Visual Response initial ideas

When we were first presented with the task to keep a visual journal I really wasn't sure what I was supposed to be putting in it. I knew we weren't supposed to just be illustrating our essay, but I was a bit confused as to how else I would respond visually to the module??

I admit I hadn't really done much in the way of visual response, apart from a couple of quick sketches when we needed to have done some drawings for a crit. From my initial essay research, when choosing my images, I immediately noted the wealth of misogynistic American Apparel adverts:







Many of them over-sexualise the models in order to sell their products. From looking at Berger's theories for my essay, I could clearly note the idea that the female form was being presented for a male spectator, even if the products were advertising products aimed at females??!! The logic here is insane.

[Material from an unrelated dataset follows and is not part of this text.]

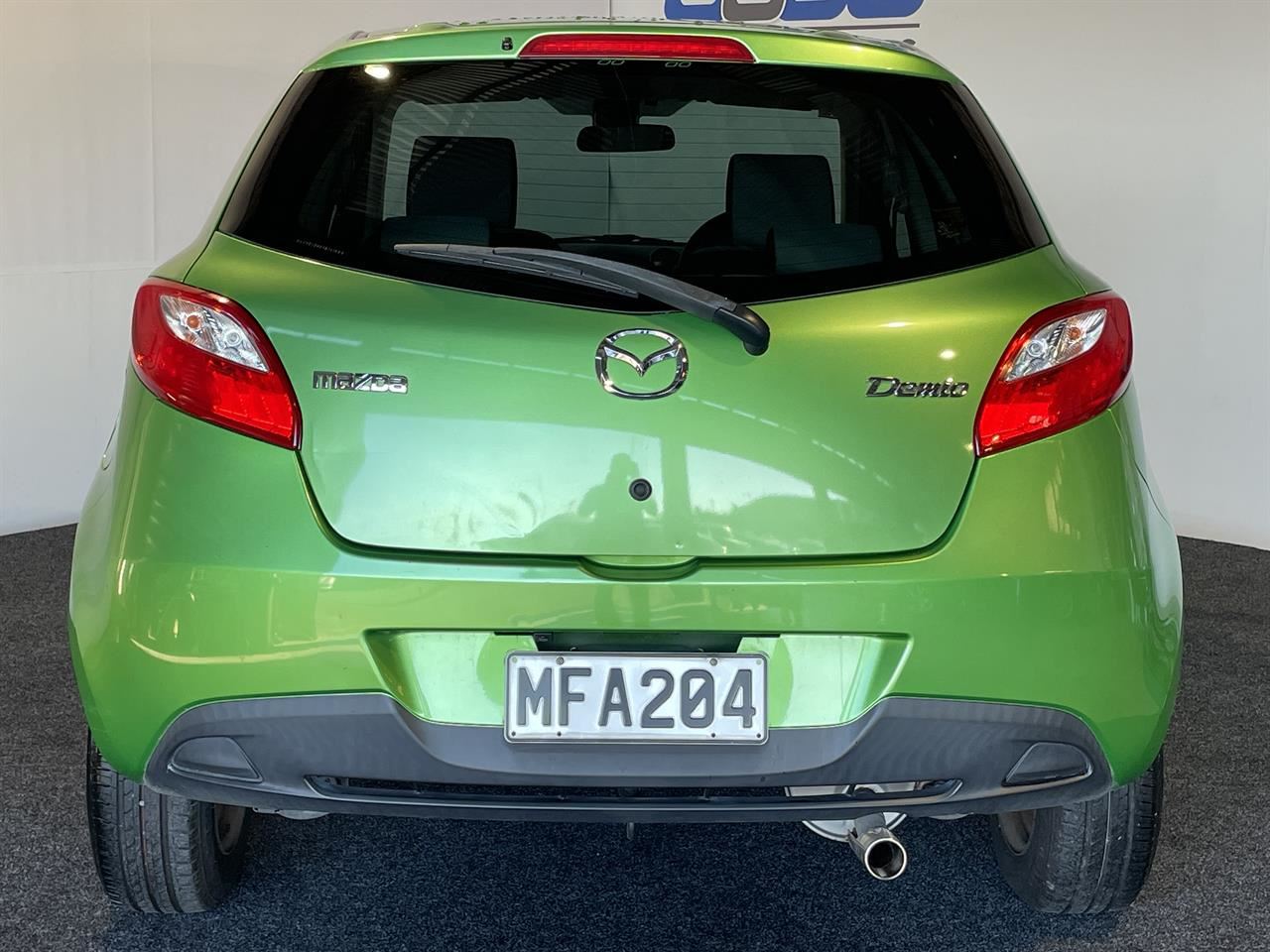 Vehicle image 5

For example, these two, about scrunchies and mini-skirts. Both items that are primarily marketed towards women, for women, and yet the adverts show women in compromising and sexual positions aimed at men. Even female products were targeted towards men.

So for my visual response, my first major idea was to create a sort of anti-campaign for American Apparel, a satire that puts men in these overly sexual positions to show how ridiculous they are:





However, when we had out first feedback session about our visual responses after we'd handed in our essay, Fred pointed out that there wasn't a lot of room for development with this and also that we don't need to have finished outcomes.

So he helped me start developing some new ideas:
  • Gender-specific poses/postures: how men and women sit and stand, perhaps in comparison to advertising
  • Simplifying/reducing down images of men and women in advertising to just their clothes - how little women wear in comparison to men - i.e. in the American Apparel adverts

For example:


These two are both examples of how advertisers and the media will portray women with fewer clothes - the shirt does not need to be advertised that way on a female model, the male model isn't posing like that.